The Global Legal Entity Identifier Foundation (GLEIF) has linked up with digital trade finance platform Contour to drive take-up of the legal entity identifier (LEI).

As part of the partnership, Contour will integrate the LEI into its network, which it says will allow trading parties to benefit from improved data integrity and reliability, creating a more transparent trading environment.

“Standardisation of identity is an important step in enabling businesses to seamlessly participate in multiple, complementary trade networks without encountering administrative barriers,” says Aaron Seabrook, COO at Contour. “We believe in making trade finance more accessible by streamlining connections between trade participants. Our partnership with GLEIF will help us achieve this by equipping users of our network with the information they need to transact with confidence.”

Contour will also financially support parties that conduct trade transactions over its network to obtain an LEI – the cost for which differs between countries but is usually less than US$100, as well as build the identifier into its KYC processes.

“Contour will pay for the sign-up fees as part of our commitment to being inclusive and accessible to companies of all sizes,” Seabrook tells GTR. “We hope this will drive greater usage of LEIs and bring trust and transparency to the industry.”

Established in 2014 by the G20, the LEI is a unique, electronic, 20-digit standard identifier for parties in global financial transactions. Each LEI contains information about an entity’s ownership structure and thus answers the questions of ‘who is who’ and ‘who owns whom’.

A relatively simple solution, it tackles several compliance and risk issues. Essentially, as trade becomes more globalised, it has become increasingly difficult for businesses to accurately identify information related to the parties they trade with, particularly when it comes to counterparties that have subsidiaries or that do business under various names. The process of acquiring this information is often a complex task, requiring a significant investment in time, money and resources.

The LEI solves for this by enabling the identification of businesses with one unique code, that connects to annually verified business reference data and ownership structure information in a freely accessible online registry – the LEI Index. This can be quickly checked by anyone at any time, enabling organisations to know precisely who they are doing business with.

Support for the LEI has been growing in recent years. A 2019 study conducted by McKinsey found that its use could save the banking industry as much as US$4bn a year in client onboarding costs alone, while research carried out by the Asian Development Bank (ADB) in the same year concluded that the LEI was both affordable and easy to obtain by SMEs and large companies alike, and that its usage could contribute to closing the trade finance gap by making information about SMEs easier to come by.

Last year, JP Morgan became the first validation agent in the LEI system, after the role was created by GLEIF to drive adoption.
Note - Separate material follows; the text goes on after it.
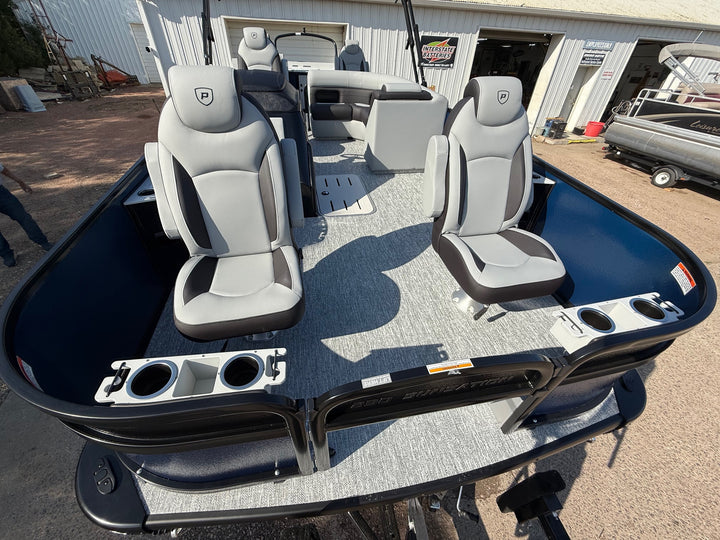 2026 Premier 230 Angler 4pt — photo 19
This enables JP Morgan to directly embed LEI issuance into its usual client onboarding processes, which it said at the time would increase the number of LEI registrations.

However, take-up remains sluggish, with the current number of LEI registrations at just 1.88 million, up from approximately 1.7 million at the end of last year. To put that figure into perspective, in the UK alone, there are around 6 million private sector businesses, according to government data. With GLEIF saying that its current quarterly growth rate for LEI registrations is 3.3%, the end goal of issuing each legal entity in the world with an identifier remains very far off.
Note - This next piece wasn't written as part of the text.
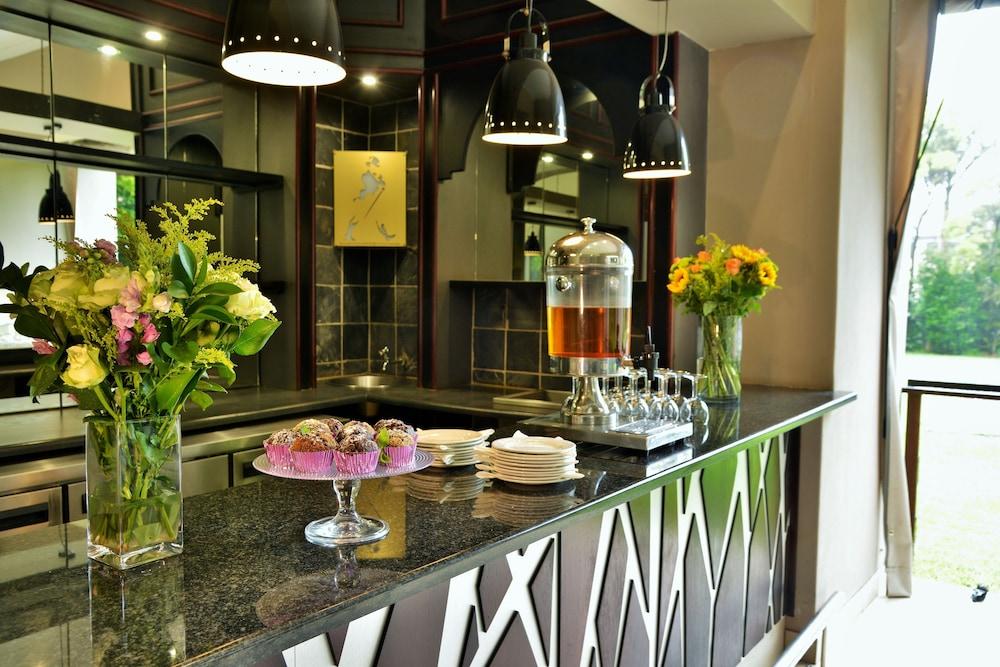 Bon Hotel Empangeni Εξωτερικό φωτογραφία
Last week, the International Chamber of Commerce (ICC) published a report finding that trade across the G7 could increase by US$9tn in the next five years if the industry reaches full digitalisation, and explicitly named the LEI as a “building block for successful future trade”. It called for greater incentives to encourage more SMEs to use LEIs and scale up the system, arguing that the identification code is necessary if companies are to “capitalise on the benefits of a fully digitalised trade ecosystem”.

With partnerships such as this latest one with Contour, GLEIF hopes to see an uptick in adoption. Stephan Wolf, CEO of GLEIF, says: “Increasing LEI volumes in trade finance and broadening their usage in the supply chain will solve the issue of trust in financial transactions globally. Verified legal entity identification, which can only be realised universally across international borders by LEI usage, is a core component of a well-functioning global supply chain ecosystem.”

For now, Contour says it will continue to deepen its use of LEI in the coming months, working with its partners on new APIs, and collaborating on the GLEIF-led Verifiable LEI (vLEI) initiative. A GLEIF spokesperson tells GTR that the non-profit is open to any further partnerships across all industries.